Researchers studied the offshore wind farms appearing with increasing regularity in Europe. As MIT Technology Review just reported:
Naturally, these (offshore wind turbine bases) become home to complex ecosystems. In the North Sea, where most of the European farms are being built, these ecosystems are dominated by blue mussels. These feed by filtering phytoplankton from the water. Mussels are also a food source for other marine animals, such as fish and crabs, and this has the potential to significantly alter the food web.
The research team concluded that a typical offshore turbine can support up to four metric tons of shellfish.
“Once all the planned wind farms are in operation, they will provide habitat for mussels that are equal to 20 percent of the current stock from natural mussel beds along the coast,” the study finds.

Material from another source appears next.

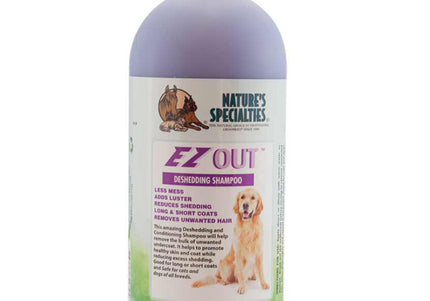Nature's Specialties EZ Out Deshedding Shampoo 946ml – Concentrated Formula, Reduces Shedding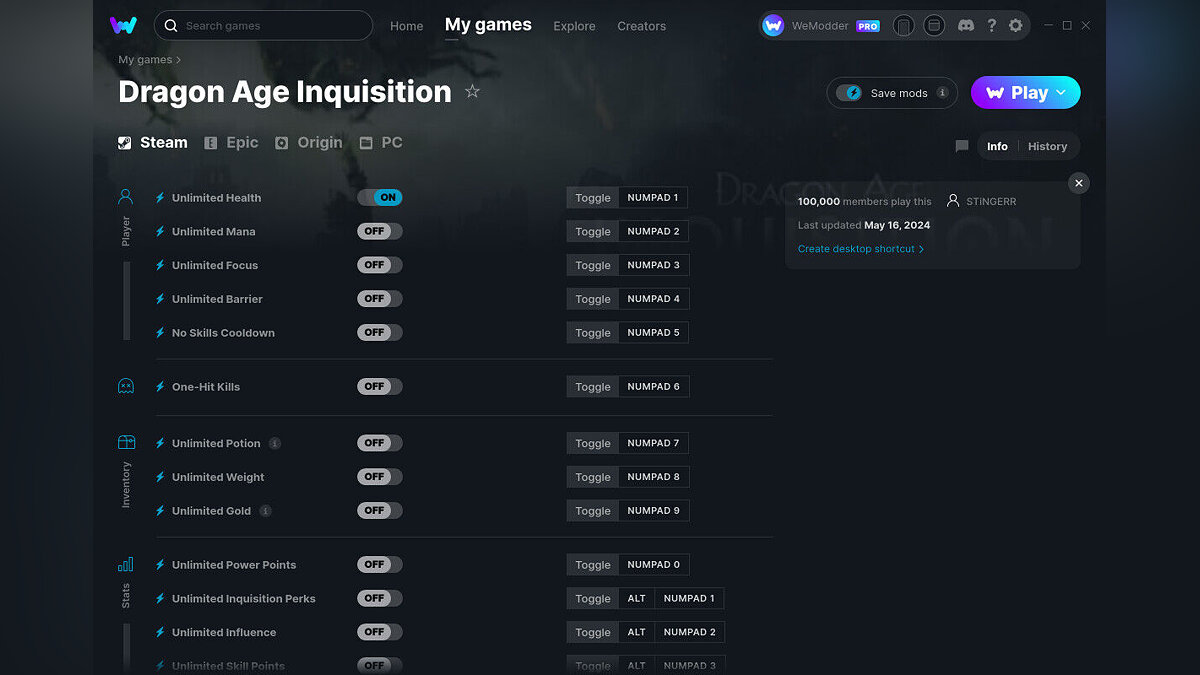 Dragon Age: Inquisition — Trainer (+17) from 05/16/2024 [WeMod]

It was published by Kaela Slavik at the Helmholtz Centre for Materials and Coastal Research in Germany.
That’s a lot of food that attracts schools of fish to offshore wind projects. As MIT reported:
Mussels are also food for larger species such as crabs and certain fish, which are themselves prey for seals. So it’s no surprise that seals have already begun to migrate to off shore wind farms off the coast of Denmark.
Anecdotally, fisherman are already finding this to be true at America’s first offshore wind farm off the coast of Rhode Island.
“People who are fisherman totally understand it’s an artificial reef,” said Captain Hank Hewitt, a local Rhode Island fisherman, in the below video. “It’s going to build life. Now we actually know where the fish are going to be.”
It’s exciting that this new ocean energy resource also has such positive environmental benefits. Because as Interior Secretary Ryan Zinke said this morning at a National Clean Energy Week event in Washington, D.C., “offshore wind has enormous potential.”